I teach and research across social history, social policy, socio-legal studies and criminology. I am chair of the Social History Society and also work as a policy consultant.
I am currently working on two new research projects. The first, After Care, (with crime historians Barry Godfrey, Heather Shore and Zoe Alker) investigates the long-term impact of 19th and early 20th century youth justice interventions. We use digital record linkage to establish 'what happened next' to a large cohort of delinquent, difficult and destitute children passing through England's early youth justice systems. We raise questions about the uses of historical evidence in contemporary evidence-based policy making. Our early findings (summarised here) generated much media coverage and our full findings will be published in a forthcoming book, Young Criminal Lives.
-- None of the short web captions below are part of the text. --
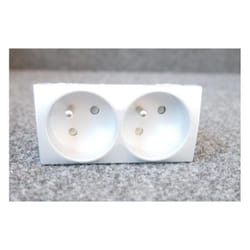 Schneider Electric - Bloc 2 prisez 2P+T 16A 45° aluminium mecanisme 90x45mm à clipser altira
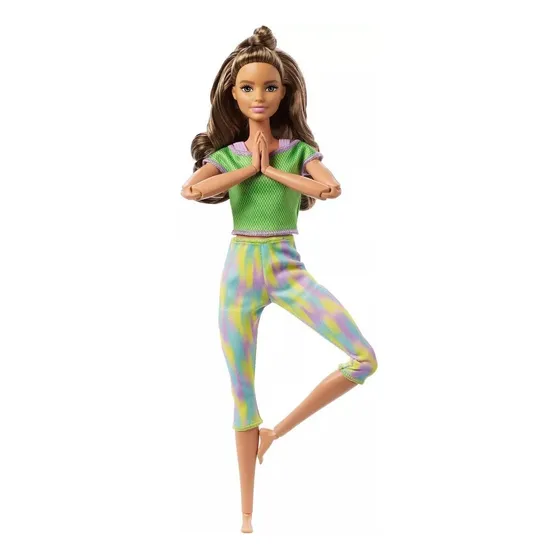 Barbie boneca Made To Move Morena Mattel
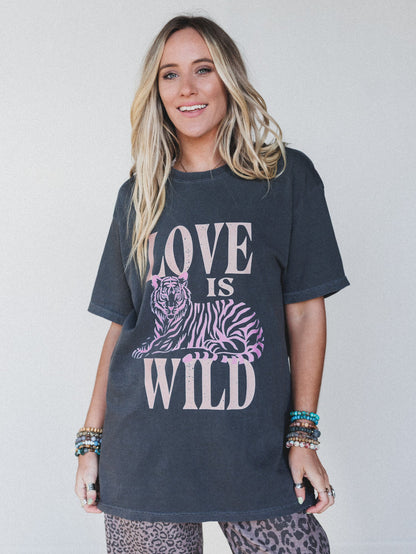 The Nest Love Is Wild Graphic Tee - Pepper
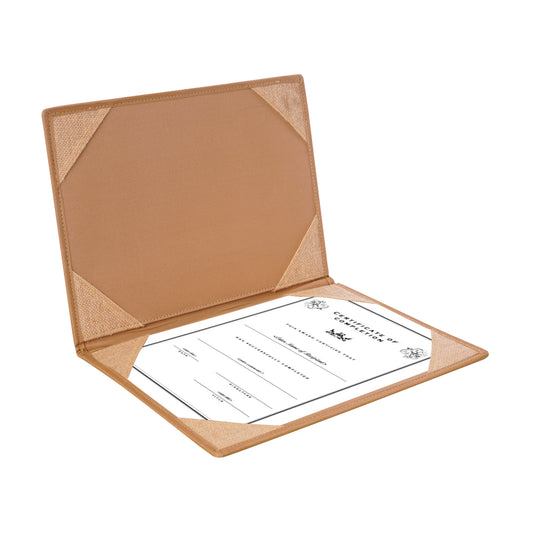 Jute Certificate File With Natural Jute Colour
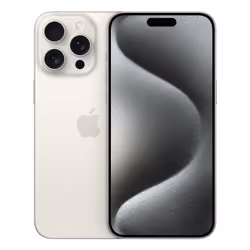 Apple iPhone 15 Pro Max 512GB White Titanium, 17 cm (6.7"), 2796 x 1290 pixels, 512 GB, 48 MP, iOS 17, Titanium, White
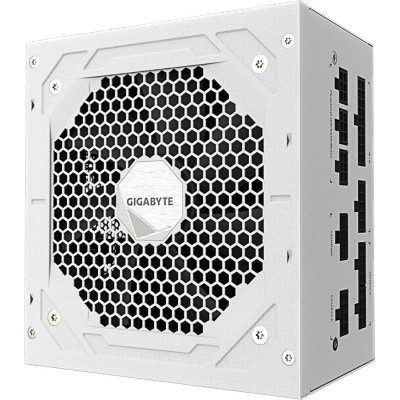 БЖ 850W GIGABYTE UD850GM PG5W 80+ GOLD 120mm, modular, White, ATX 3.0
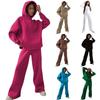 Neues Frühling Herbst Lässiges Loungewear Set Locker Langarm Weitbeinige Hose 2-teiliges Outfit Bequem Elegant Damenmode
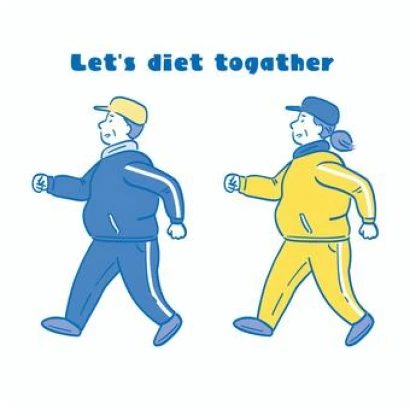 ダイエットを頑張る夫婦_2c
My second research project focuses on a pressing present-day challenge - that of recurrent care proceedings in the English child protection system. I am leading an interdisciplinary evaluation of two pioneering interventions (Positive Choices and Mpower) working with birth mothers at risk of losing further children to care. We will be sharing our latest findings with practitioners and researchers at an event at the University in Jan 2017. The project stems from my earlier involvement with the Suffolk Family Justice Council. I have written about this work in the Journal of Law and Society.
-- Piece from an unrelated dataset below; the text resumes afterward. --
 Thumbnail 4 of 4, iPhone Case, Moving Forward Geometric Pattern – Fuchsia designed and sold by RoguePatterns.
In 2014, I presented a BBC TWO series, Shopgirls: The True Story of Life Behind the Counter tracing the history of Britain's shopworkers and consumer cultures from 1860 to the present. I talk about the series in this podcast. I've also enjoyed writing an accompanying book, Shopgirls, co-authored with Annabel Hobley. The project was part-funded by the ESRC and inspired by my 2012 series, Servants: The True Story of Life Below Stairs, a history of domestic servants from the mid-nineteenth to the mid-twentieth centuries. This podcast has more on Servants and explains its links to my book, Bad Girls in Britain in which I explore the part played by domestic service training in the reform of delinquent, destitute and neglected girls.
I've recently been involved in a number of events to mark the 40th anniversary of the 1974 Working Women's Charter. My TEDx talk makes the case for this - namely that only 4 of the original 10 demands have been met in 40 years - and History & Policy hosts our new draft charter.
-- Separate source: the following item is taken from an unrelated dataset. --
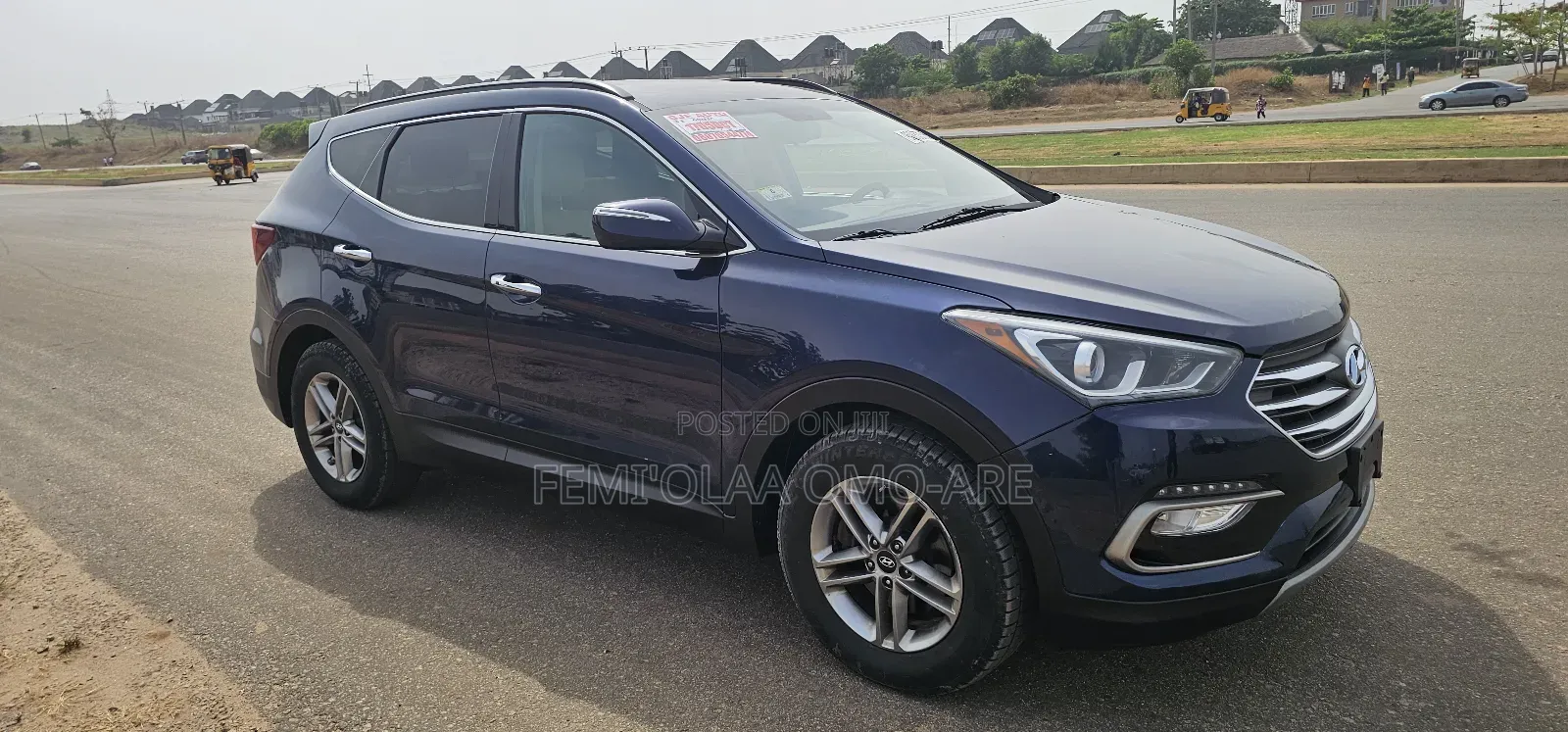 Hyundai Santa Fe SE AWD 2018 Blue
I am an external examiner at the University of Lancaster and a member of the editorial boards of two journals: Cultural and Social History and Contemporary British History. I served as Dean of the Graduate School here at Essex from 2009-13.
I have recently published articles in History Workshop Journal, the British Journal of Criminology and the Journal of Law and Society. My co-authored and co-edited books include Criminology: A Sociological Introduction (2014), Crime in Modern Britain (2002) and Becoming Delinquent: European Youth, 1650-1950 (2002).